Сережа открывает калитку и выходит на улицу с таким чувством, как будто его жизнь отделена, обособлена от жизни домашних, от жизни всех других людей, от всего окружающего. По улице идут кухарки, хозяйки с отягченными провизией корзинами, идут на службу чиновники с портфелями в руках, с выражением оживления наступающей весны на лицах и еще, как казалось Сереже, с тем выражением, что вот у них есть там какое-то дело, которое им нужно, и они хотят его и идут его делать. Почему же, почему только вот он, Сережа, как будто не на своем месте, как будто делает не то, что нужно…

Сережа завернул за угол и пошел вниз. Улица, с тянувшейся посредине аллеей еще не зацветавших акаций, шла под гору, и отсюда видна была большая часть города. Внизу белели домики, сплошь виднелись крыши вперемежку с зеленью деревьев, оттуда несся шум уличной жизни, и весенняя дымка придавала всему легкий голубоватый колорит.

Воробьи целой кучей возились в пыли посреди улицы, прыгая и без умолку чирикая.

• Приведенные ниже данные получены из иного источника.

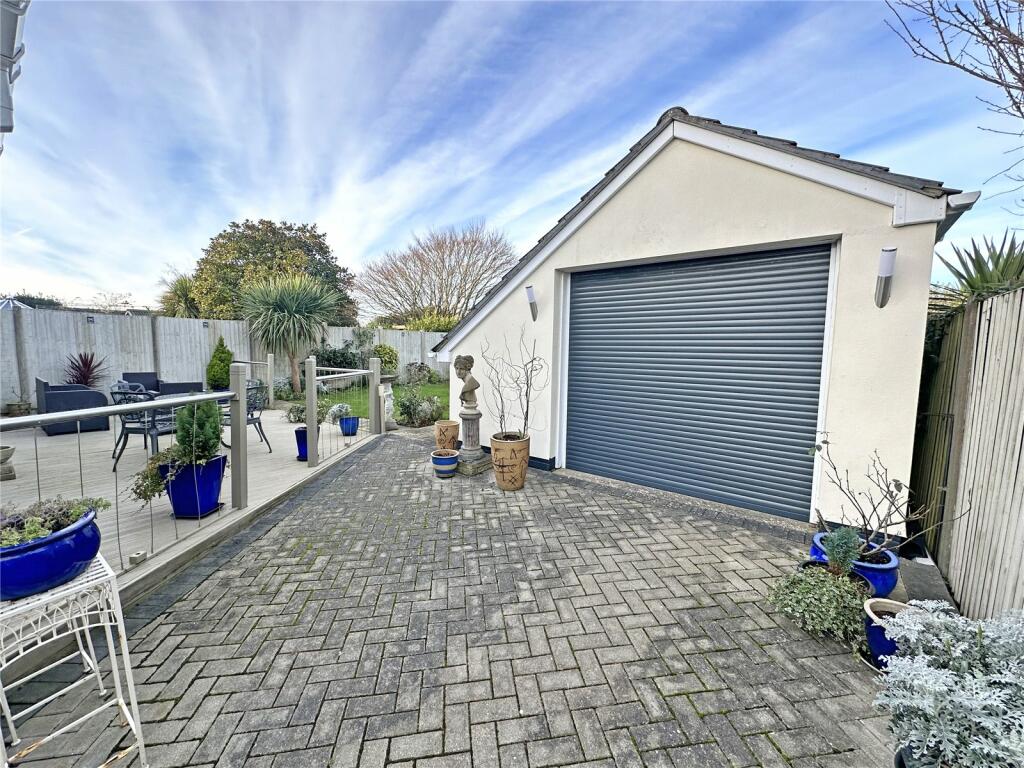 Additional image 22 of Beechwood Avenue, New Milton, Hampshire, BH25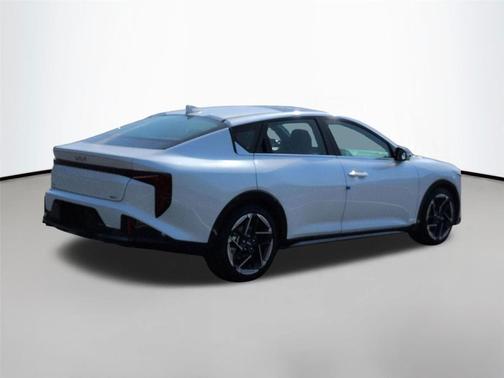 Snow White Pearl 2026 Kia K4 GT-Line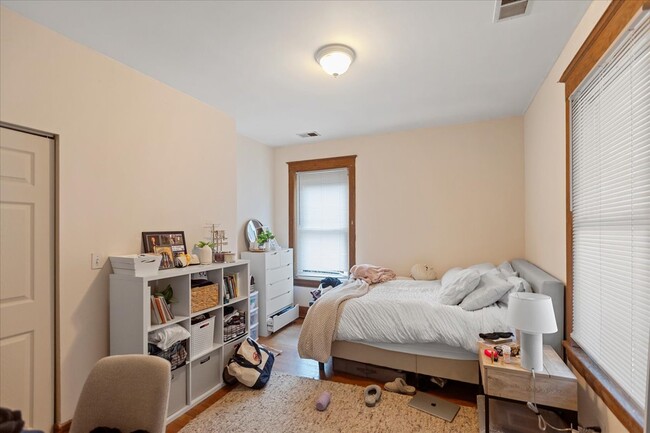 Foto del edificio - 1117 Foster St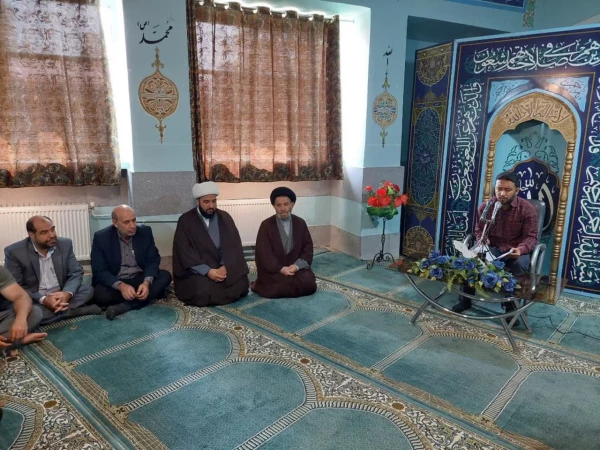 برگزاری مباحث اخلاقی تفسیر قرآن کریم با حضور حجت الاسلام والمسلمین دکتر شاهرخی نماینده ولی فقیه و امام جمعه محبوب شهر خرم آباد 5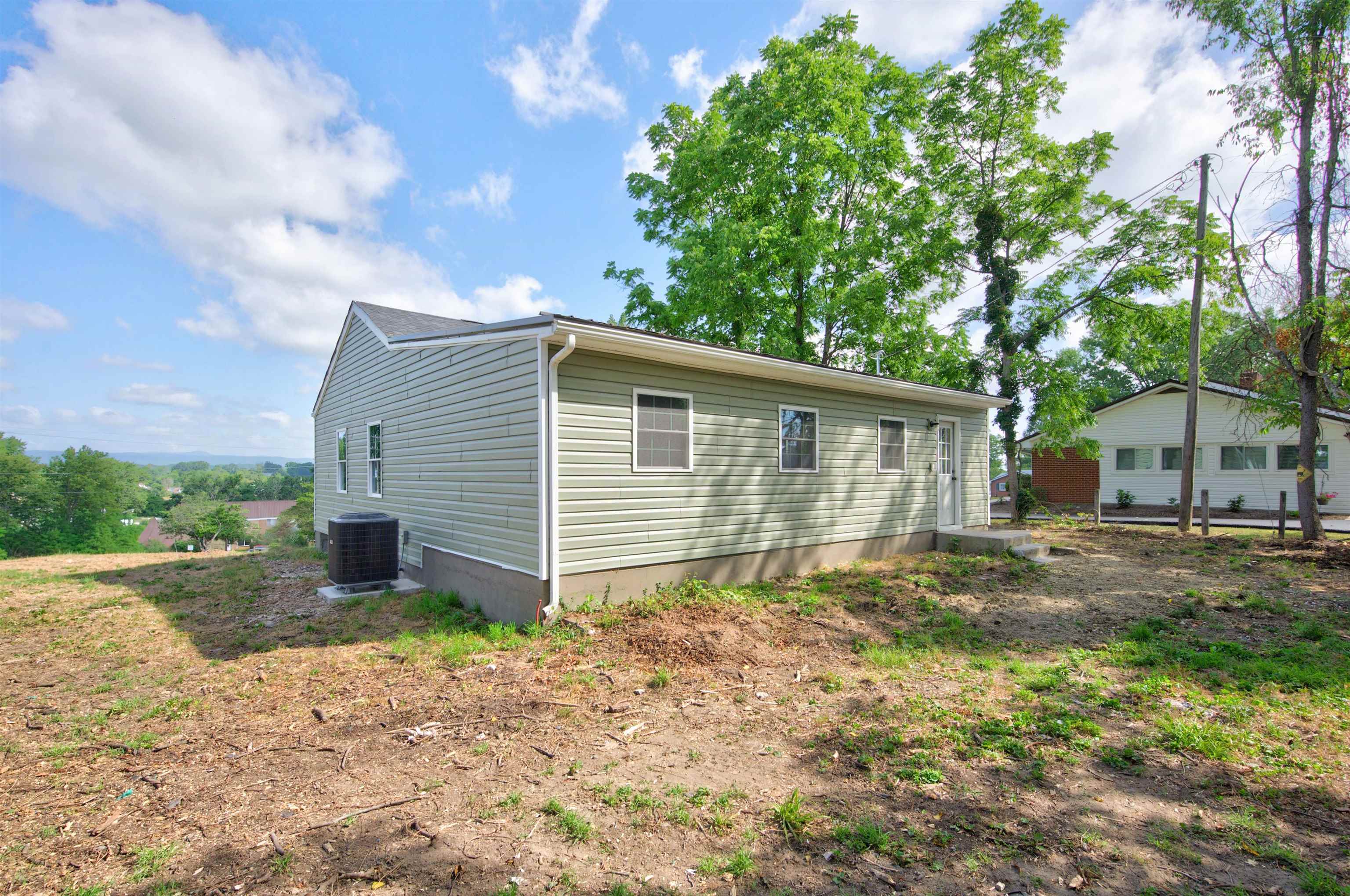 348 Jordan Street Dublin VA 24084
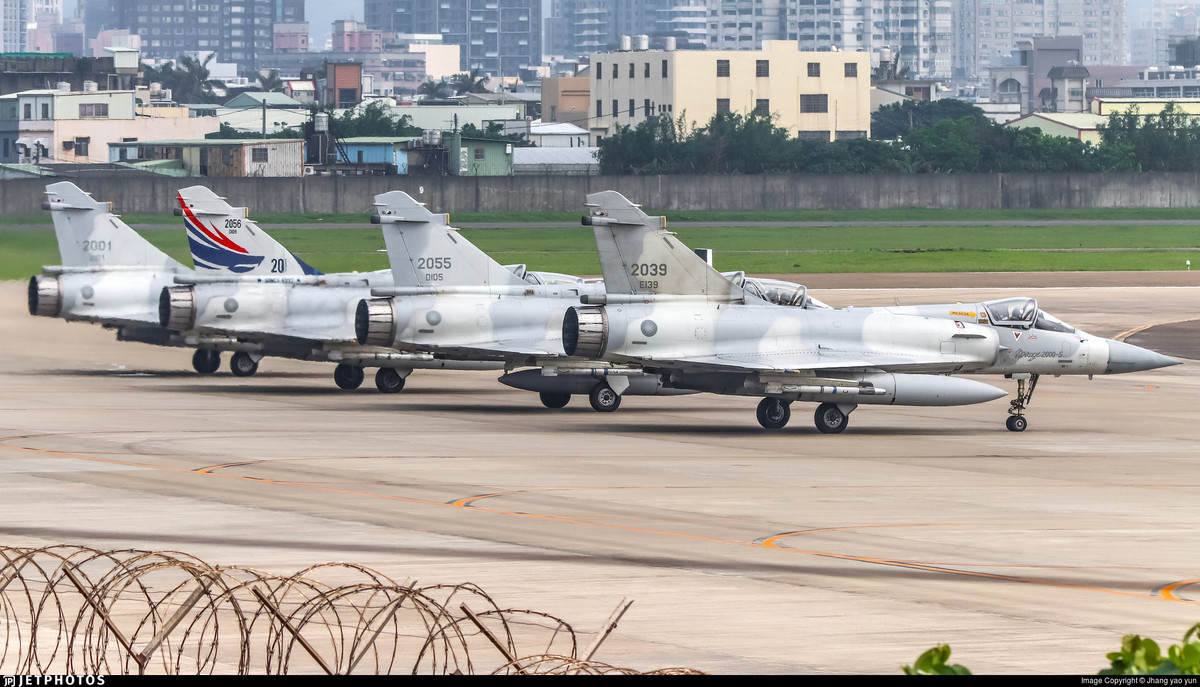 ... Hiện nay bên cạnh Mirage-2000, Đài Loan cũng đang vận hành hơn 100 chiếc F-16 mua từ Mỹ. Ảnh: Mirage-2000 của không quân Đài Loan.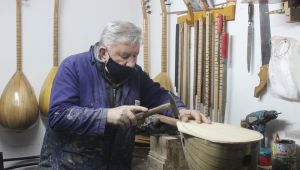 7 metrekare dükkanda 40 yıldır bağlama yapıyor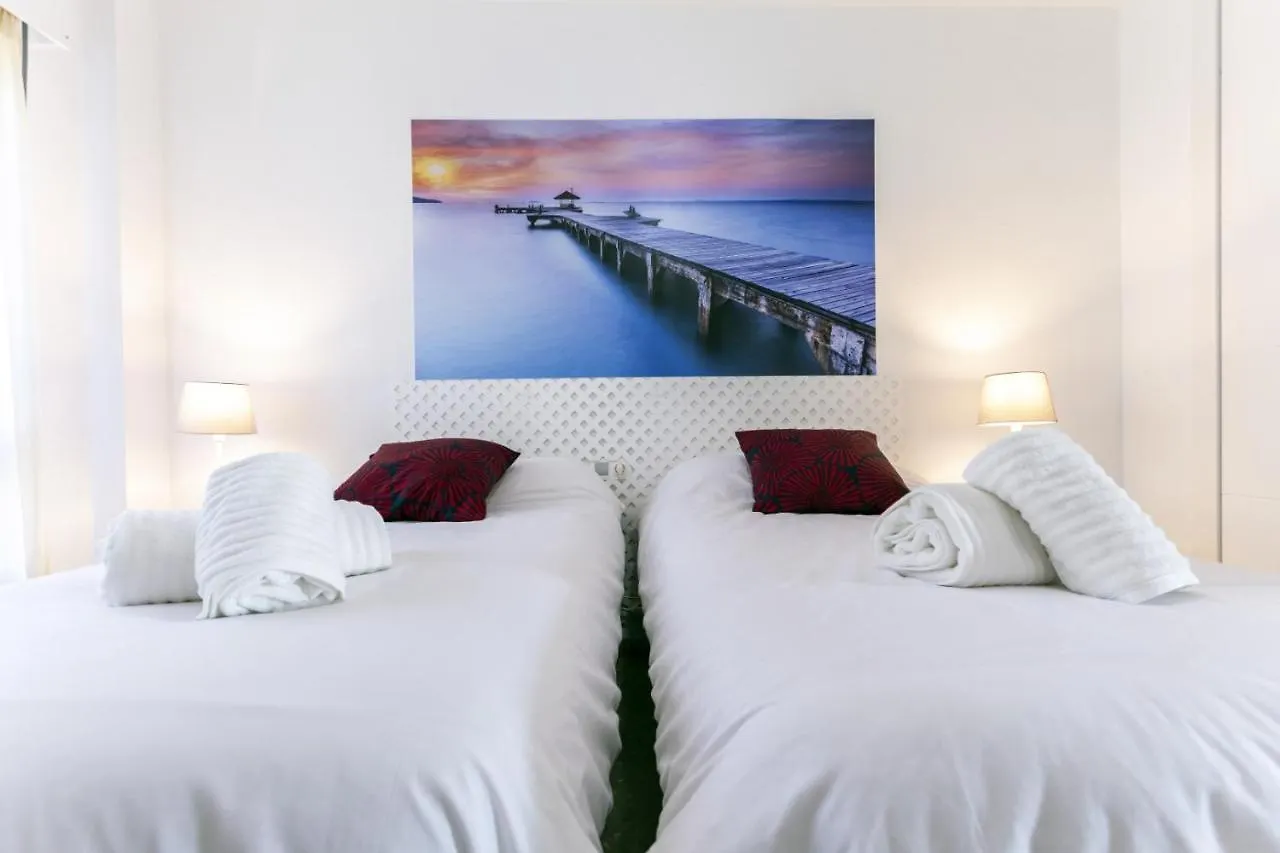 Apartamento Frente a playa Malagueta Miramar Málaga 0*,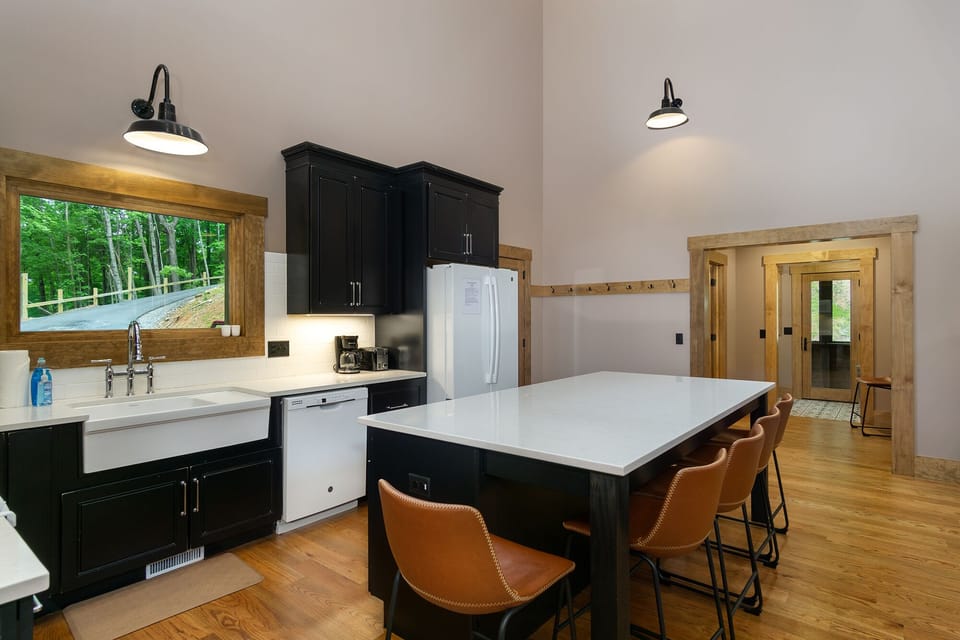 Seating for 6 at the kitchen island.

Сережа близко подошел, приостановился и сделал: «фф-ррр!..» – но воробьи по-прежнему неугомонно скакали, с легкой насмешкой и задорно поглядывая на него.

Тогда Сережа быстро нагнулся, делая вид, что хватает с земли камень. Ранец скатился со спины, съехал ему на затылок и сбил фуражку. Воробьи разом и с шумом полетели густой кучей и тут же сразу рассыпались по ветвям акаций.

«Ишь, поганцы! как из мешка посыпались». – И Сережа поправил ранец, поднял фуражку, ударил ею несколько раз о колено, оглянулся по сторонам и пошел дальше.

Ему вдруг почему-то сделалось легко и весело и очень захотелось подпрыгнуть козлом или пуститься во весь дух, но ведь он был на улице и шел в гимназию. Он сделал серьезное лицо и пощупал у горла, тут ли галстук. Галстука не было. Сережа вспомнил, что он у него в кармане, и решил надеть сейчас, как войдет.

Со всех сторон шли гимназисты с ранцами на спине, с выражением оживления на лицах. Впереди сквозь акации показалась часть огромного белого здания, и ощущение связанности и сознание, что никуда не денешься, не убежишь, опять овладело Сережей, хотя он по наружности с прежним видом оживления потянул к себе огромную дверь и вбежал по лестнице в раздевальную.